Prosa de Paula Brunot Garau
Los sabores de mi infancia… Un bocata de chocolate campana al salir de la escuela, o quizá un trozo de pan con aceite y queso curado del mercado. Canelones en navidad, empanadas en semana santa y tortilla de patata en los aniversarios de algún familiar. Los sabores de mi infancia están impregnados con olor a joyas viejas, a misa y a mar. Se acompañan también de arrugas, tinte de peluquería y uñas de porcelana. Son recibidos por oraciones y caricias. A veces, secan las lágrimas de una cría que no se ha acostumbrado aún al sabor de la culpa. En otras ocasiones, son premio de la niña que desea ser buena y ejemplar.
Aún quedan rastros frágiles que me llevan a la infancia perdida. Una pequeña que se atreve a dibujar en el libro de oraciones y que sueña con otra clase de cielo.
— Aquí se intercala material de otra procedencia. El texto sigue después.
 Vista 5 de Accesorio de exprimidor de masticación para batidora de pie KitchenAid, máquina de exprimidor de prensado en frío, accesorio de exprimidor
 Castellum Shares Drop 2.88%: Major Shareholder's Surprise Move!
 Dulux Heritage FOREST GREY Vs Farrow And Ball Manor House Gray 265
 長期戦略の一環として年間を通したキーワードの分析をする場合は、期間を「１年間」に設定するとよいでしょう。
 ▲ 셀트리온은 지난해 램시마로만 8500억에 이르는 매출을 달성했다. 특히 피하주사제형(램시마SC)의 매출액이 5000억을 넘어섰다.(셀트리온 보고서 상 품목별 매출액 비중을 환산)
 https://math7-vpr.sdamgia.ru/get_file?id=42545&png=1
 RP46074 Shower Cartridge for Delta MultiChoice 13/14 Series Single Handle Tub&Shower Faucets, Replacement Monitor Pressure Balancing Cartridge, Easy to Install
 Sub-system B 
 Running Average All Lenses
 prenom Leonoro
Los miércoles por la tarde las monjas hablan del paraíso en catequesis. Los sábados por la noche las películas muestran el paraíso prohibido. Unas te enseñan a dioses desnudos, otras te presentan una incógnita. Amor, en ambos casos. Descubro ahora que los sabores de mi infancia están llenos de enamoramiento. Pedro en clase, Dios en misa, Jude Law en la pantalla…
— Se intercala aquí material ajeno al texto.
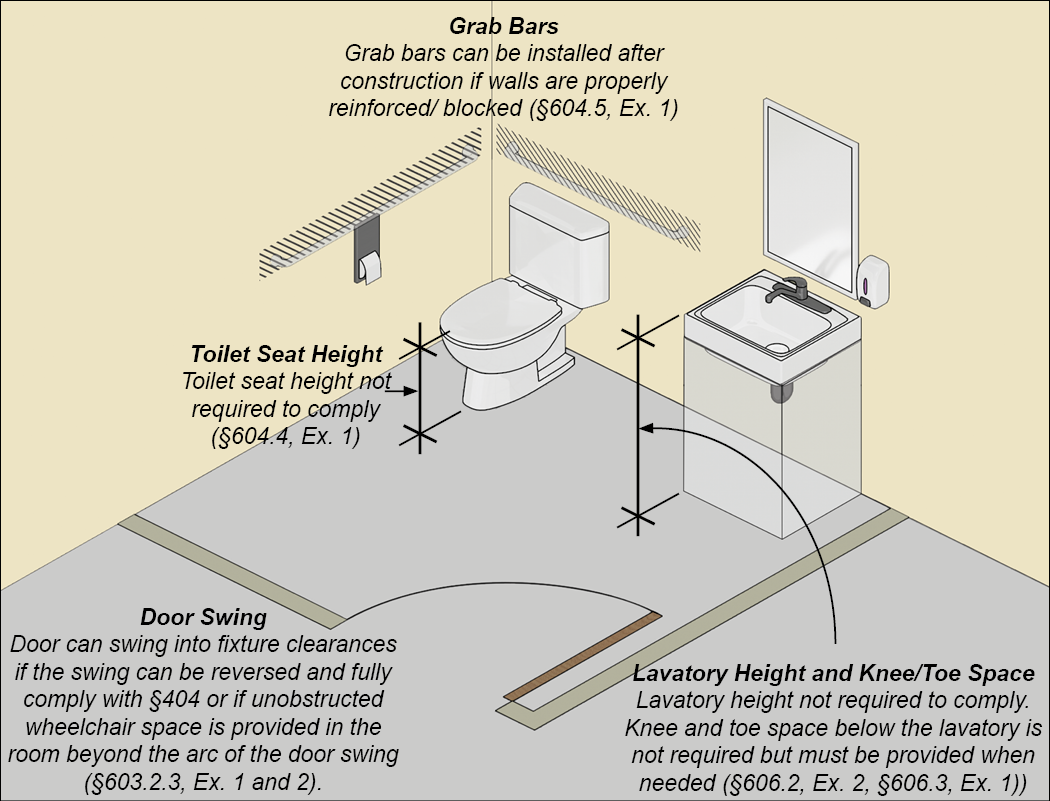 Private toilet room with water closet and lavatory.  Notes:  Grab bars can be installed after construction if walls are properly reinforced/ blocked (§604.5, Ex. 1) Toilet seat height not required to comply (§604.4, Ex. 1) Lavatory height not required to comply knee and toe space below is not required but must be made available when needed (§606.2, Ex. 2, §606.3, Ex. 1)) Door can swing into fixture clearances if the swing can be reversed and fully comply with §404 or if unobstructed wheelchair space is provided in the room beyond the arc of the door swing (§603.2.3, Ex. 1 and 2).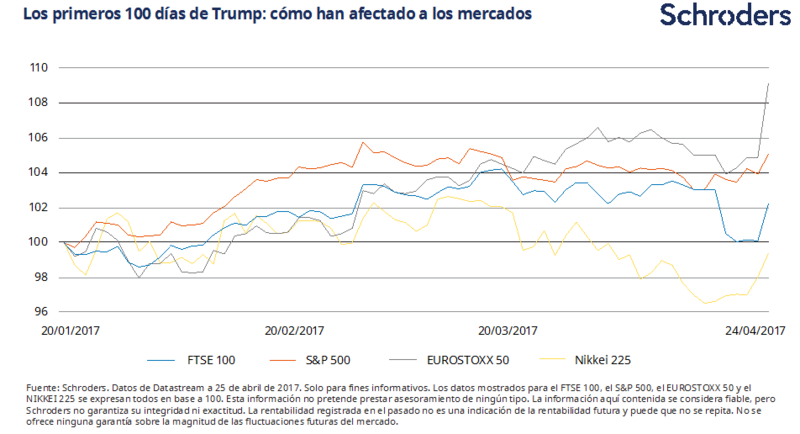 trump-graph-1-es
Sabores de pequeños pecados que empiezan a corromper la inocencia. Mentiras que quieren hacer caer los castigos, peleas en el recreo, batallas encarnizadas con mis hermanas, burlas que me ayudan a estar dentro, el odio y la rabia por vuestras estrechas cercas, la ira, la curiosidad… Pecados no tan pequeños, ni tampoco rastro de la inocencia.
Los sabores de mi infancia los recuerdo sobre todo en los largos domingos de la niñez, días que ahora ya no duran tanto. Hoy se han convertido en un puñado de horas planas, de escuchar campanadas y ver a los viejos caminar hacia la Iglesia, viejos que se parecen a vosotros. Y entretanto os contemplo en esos ancianos que andan con sus milenarios bastones de madera y charlan del tiempo y de los nietos, yo, tan solo, resurrección para volver a recibir los lunes. Aunque algo no ha cambiado, el olor a vino. El rastro que nacía en vuestras bocas se ha refugiado ahora en la mía, pues aquí se siente también protegido.
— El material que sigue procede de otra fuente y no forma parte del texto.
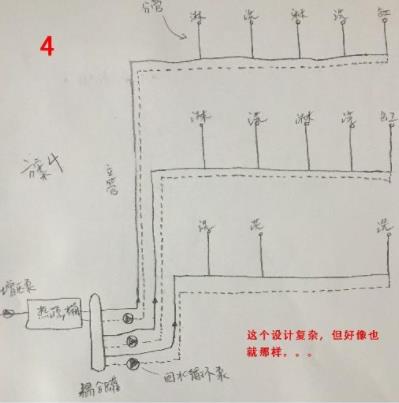5張三層別墅做回水走法圖，你覺(jué)得哪種走法更適合？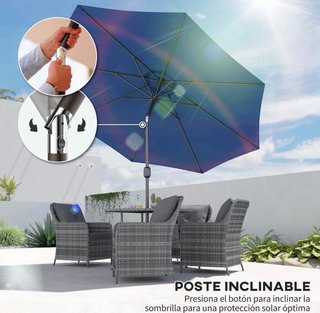 Sombrilla de jardín azul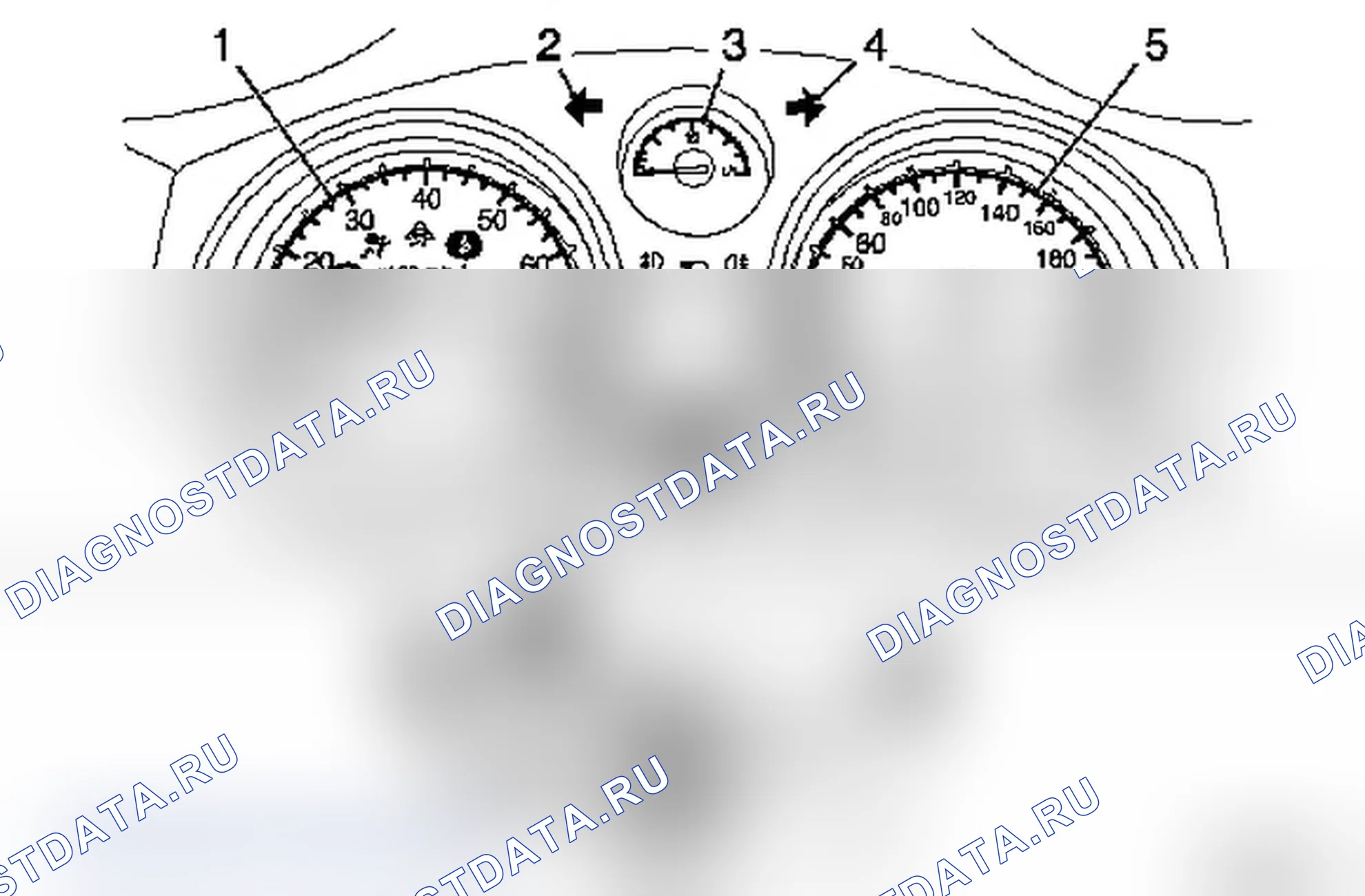 Приборы. Opel Astra H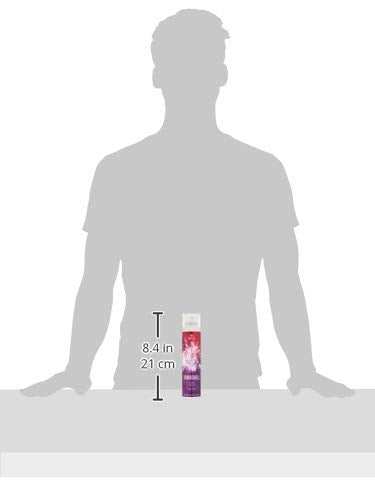 ALOXXI Bombshell easy-washout cleans without residue.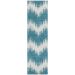 Addison Rugs Chantille Teal 2'3" x 7'6" Runner Collection
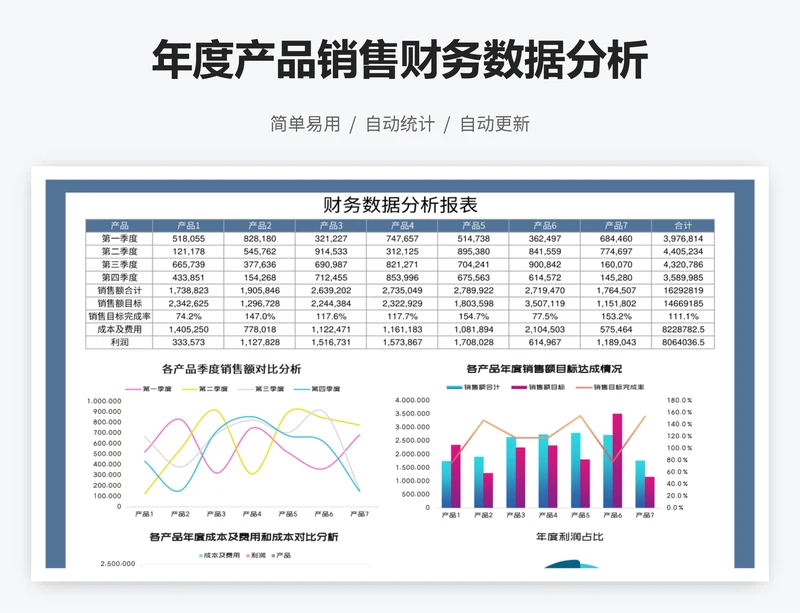 年度产品销售财务数据分析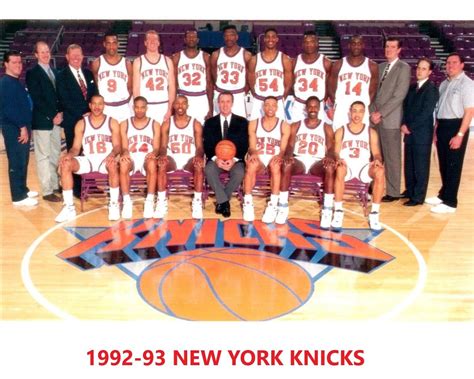 1991 knicks roster|New York Knicks 1991 Roster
Los veranos de la niñez, que antes duraban años, están repletos de estos sabores. “Cariño, sal del agua. Es hora de merendar, que luego se hace tarde y no cenarás”. Niños jugando en pandilla. Torpeza que la aleja del resto. Risas que acomplejan, que empequeñecen y entristecen. Pero en el agua esta niña no aguanta el frío y sale mientras el resto continúa con los juegos. En la orilla, la madre le espera con una toalla infinita y la pequeña vuelve a respirar tranquila. Ya vuelve a estar a salvo.
En realidad, no eran todos ellos precisamente deliciosos. Los días en que los sabores de mi infancia eran rancios, lo podía oler antes cuando madre preparaba filetes de hígado para comer. Luego, durante toda la tarde, interminable castigo en la mesa, como Jesús postrado en la cruz. Horas escondiendo lentamente aquellos sabores rancios en mis bolsillos. ¡Pobre de aquella cría cuando llevaba vestido!
Extraños sabores me vienen a la memoria también: hormigas, ganchitos rescatados del suelo, arena y sal. Pero los sabores de mi infancia… aunque están todos ellos juntos y mezclados en una cazuela que se cuece a fuego lento entre recuerdos (algunos reales y otros que en realidad no lo son), no los he vuelto a encontrar. Continúan los canelones en navidad, las empanadas en semana santa y la tortilla de patata en los aniversarios… Sin embargo, ya no saben igual. Resulta que nunca hallo esos sabores en ningún lugar, tan solo vulgares reproducciones tan lejanas como hoy lo es la niñez. “¿Dónde están?” Ha sido la pregunta repetida hasta la saciedad. Los he buscado en la casa de vuestros hijos, mojando los labios de vino servido en cáliz por hombre de sotana en solemnes ceremonias, en los reencuentros y, sobre todo, en la misma orilla del mar. Pero como decía, no los hallé en ningún lugar.
Los estuve esperando hasta que perdí el sentido del gusto. Fue entonces cuando comprendí, casi sin vista, oído ni gusto (casi sin vida), que jamás podrían haber regresado.
Los sabores de mi infancia necesitan tus arrugadas manos y el paladar de una niña que ya no existe.